Aldermen Roy Williams and Larry Rockford spoke up about a Route 66 improvement plan including a dozen storytelling murals, one of which appears destined for the side of a Chatham bar – A.J.’s Corner – owned in part by Mike Buscher, the new mayor’s husband.

“There’s some people on this council that may be benefiting from the location of these murals,” said Williams. “Is that true? Is that not true? Or is it just a perceived conflict?”

“We know who’s part owner of A.J.’s, so to me it’s a conflict of interest,” threw in Rockford.
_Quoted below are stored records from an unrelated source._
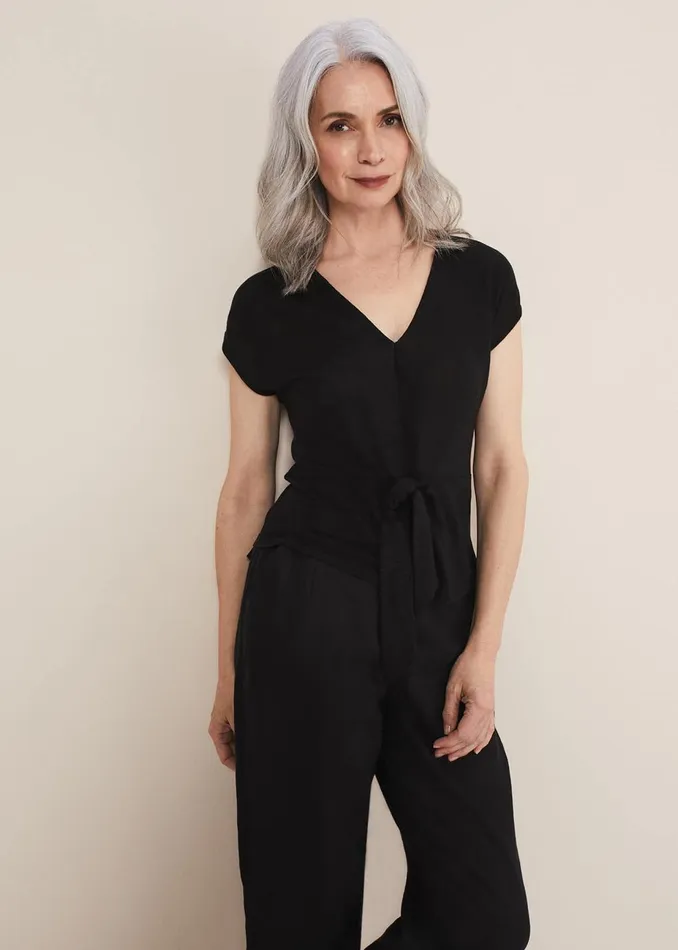 Women Phase Eight Tops and TShirts Reyna Linen Tie Front Top Black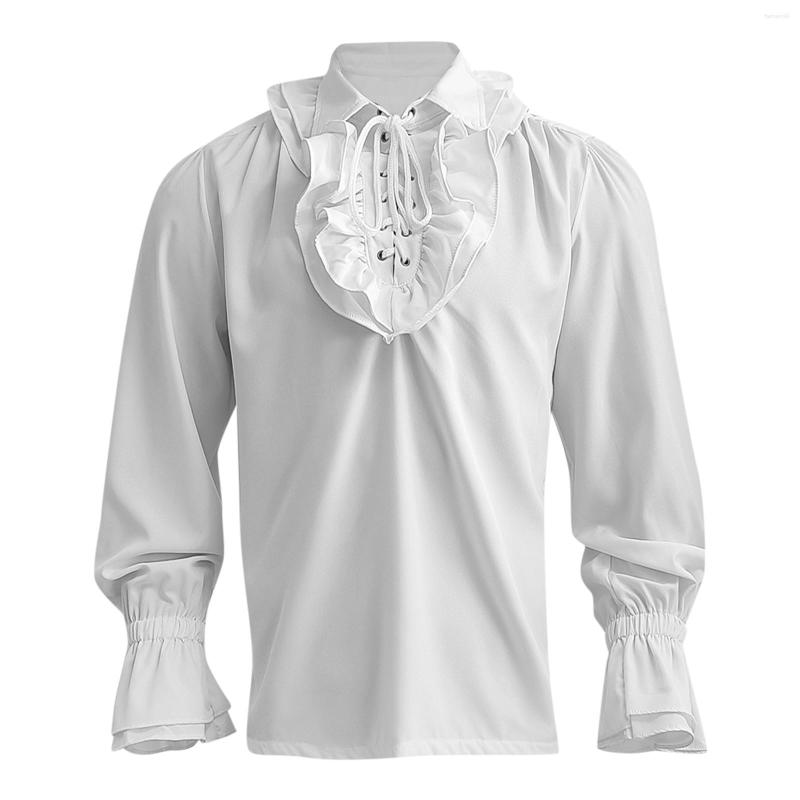 

Men' Casual Shirts Mens Renaissance Costume Ruffled Long Sleeve Lace Up Medieval Steampunk Pirate Shirt Cosplay Prince Drama Stage Tops, White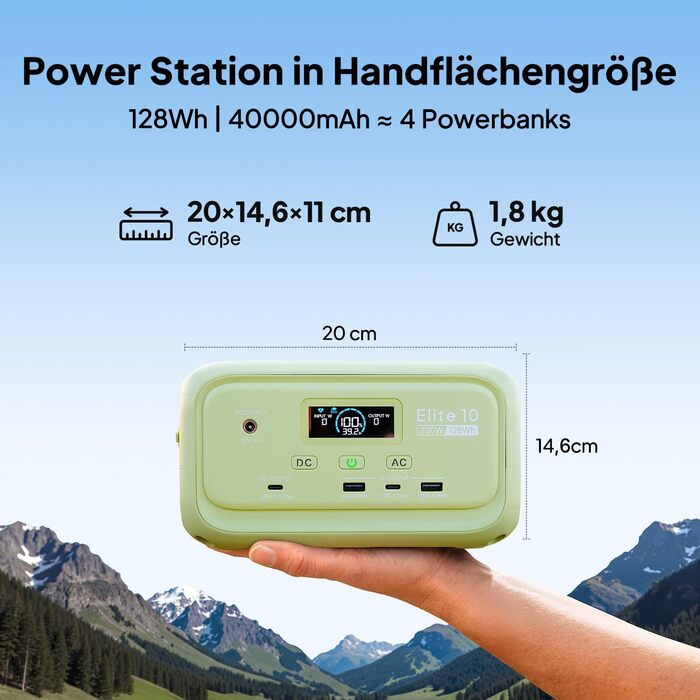 Портативна міні-електростанція BLUETTI Elite 10, акумулятор LiFePO4 ємністю 128 Втгод із розеткою змінного струму 200 Вт, резервне джерело безперебійного живлення 10 мс, сонячний генератор зі швидкою зарядкою для кемпінгу, подорожей, активного відпочинку 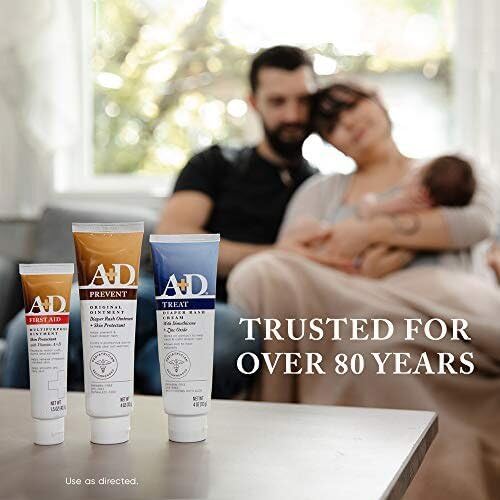 A+D Original Diaper Rash Ointment Prevents & Treats Diaper Rash, Moisturizing Skin Protectant with Vitamins A & D, Healing Ointment for Dry and Cracked Skin 4oz (Pack of 2)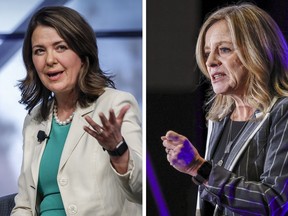 This compilation photo shows Danielle Smith, left, as she speaks at an economic forum in Calgary on April 18, 2023, and Rachel Notley as she addresses the Calgary Chamber of Commerce on Dec. 15, 2022.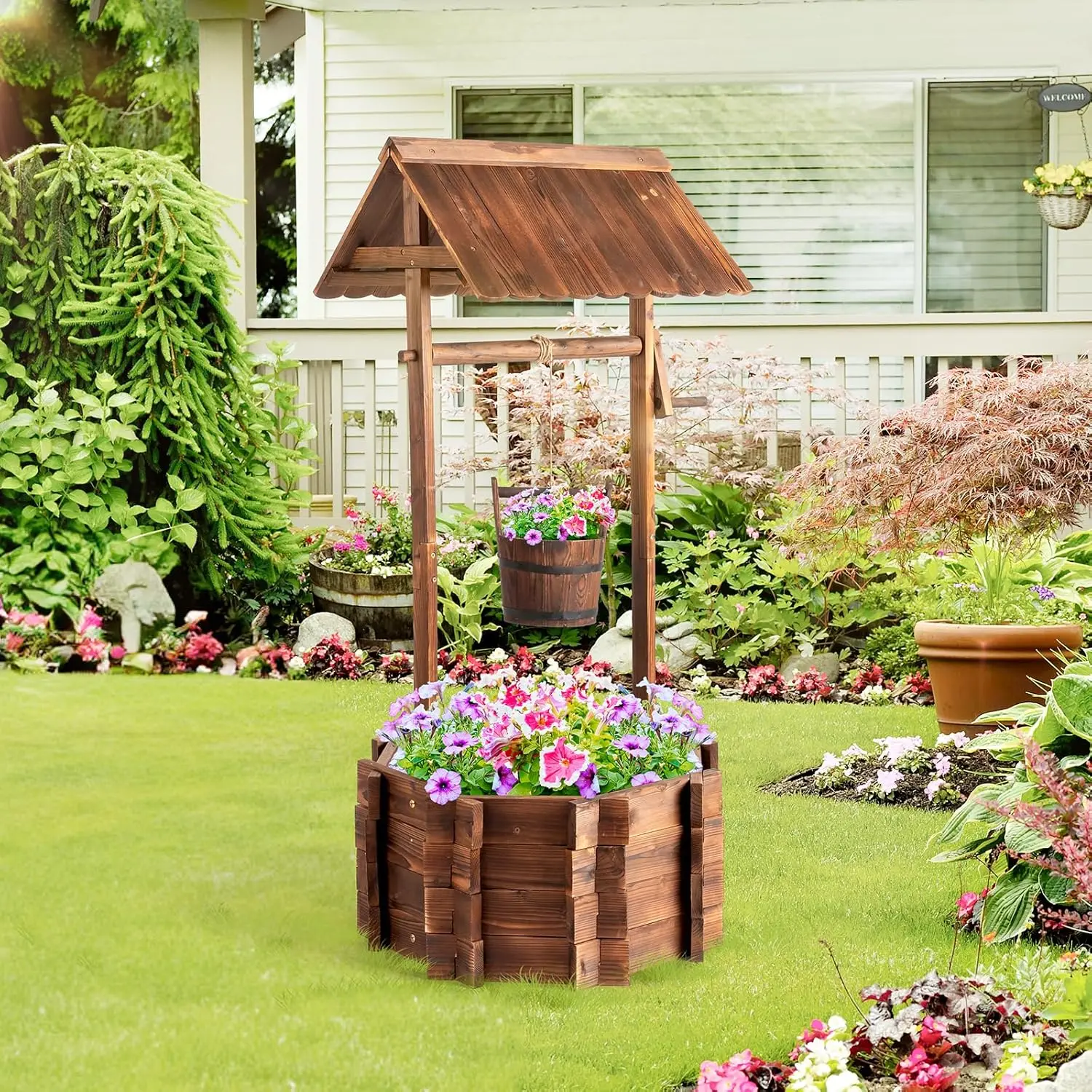 VINGLI Wooden Wishing Well Outdoor Planter - Large Size, 2/4 Reinforced Rods, Height-Adjustable Hanging Bucket, Well Cover, Hanging Frees Up Ground Space, Rustic Home Decor for Patio Garden, Outdoor Festive All-Season Use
After the meeting, Mayor Misty Buscher – protesting that she had been on the job for eight days – said she had nothing to do with the murals and the bar, adding the discussion of the Mother Road improvement plan predates her time as mayor. She added the mural locations really have not been chosen. “They just gave examples in their presentation,” she said of A.J.’s being included when Scott Dahl, director of the Springfield Convention and Visitors Bureau, spoke to aldermen Tuesday.

Ald. Shawn Gregory – voicing hope that the story could include the Black experience of “sundown towns” – joined Williams in voting Present on the vote to accept the grant, which will also pay for “wayside” attractions and the resurrection of Shea’s gas station.

Tuesday night was Buscher’s first with gavel in hand.